WATCH: It's time for the annual McGill Ghetto garbage dump
If you've walked through the McGill Ghetto lately you may have noticed the place is kind of a dump.
"It's unsightly and it's the waste of things," resident Lucia Kowaluk told CTV Montreal while showing off a mound of trash left in an alleyway. "Obviously this amount of garbage is more than a garbage truck can pick up."
Each year, as McGill's spring semester ends and students move out and the area gets littered with just about everything.
Walk down almost any street and you'll see used mattresses, old comforters, broken furniture, and enough garbage bags to last one normal household months.
Turn the corner and you'll likely see more of the same.
The area is home to about 3,500 students, the majority of whom all leave at once. However there are still close to 11,000 residents that call the Ghetto home year round.
"It's not a very pretty sight," said student Noor Khleif. "It looks bad; it makes the streets looks bad, so I definitely understand their distress."
Ava Rofougaran said despite this being a yearly tradition, no one has come up with a real solution.
"I think it's hard to find where to throw it out because everyone has so much stuff. It's hard to carry it around.
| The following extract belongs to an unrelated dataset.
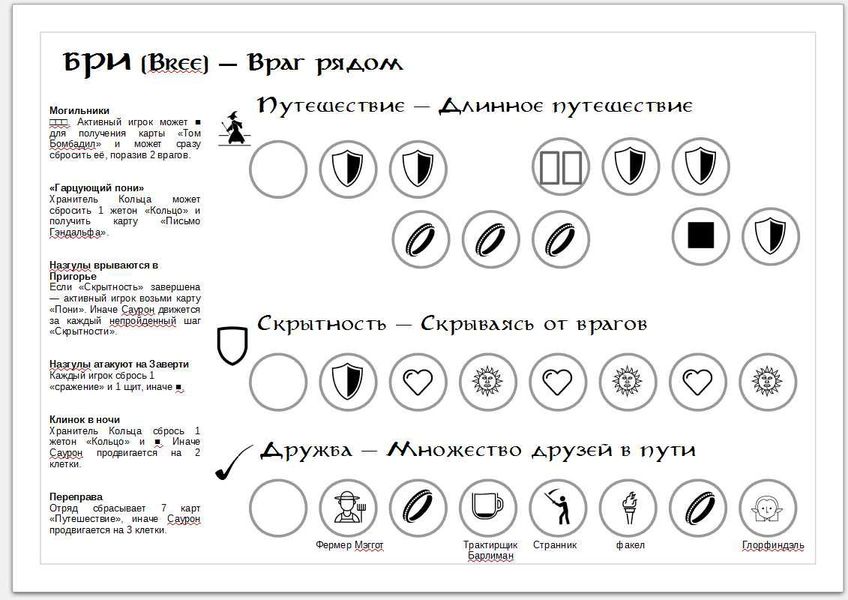 перевёл и нарисовал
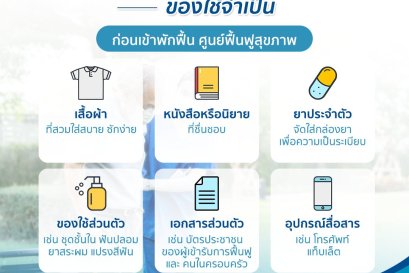 ผู้ป่วยเตรียมกลับบ้าน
We're students and we don't have a lot of resources so putting it out is the only way," she said.
For its part the city has stepped up its garbage collection, but it can't keep up with the mess students are making.
"We have two ten-wheel trucks with a front loader that are circulating full-time in the neighbourhood. As well, two pick-up trucks that are circulating in the neighbourhood full-time and we've added resources to our twice weekly garbage pick-up," said city councillor Alex Norris.
While residents like Lucia Kowaluk say it is a good start to tackling the problem, they believe the real solution is the students need a lesson in consideration for others.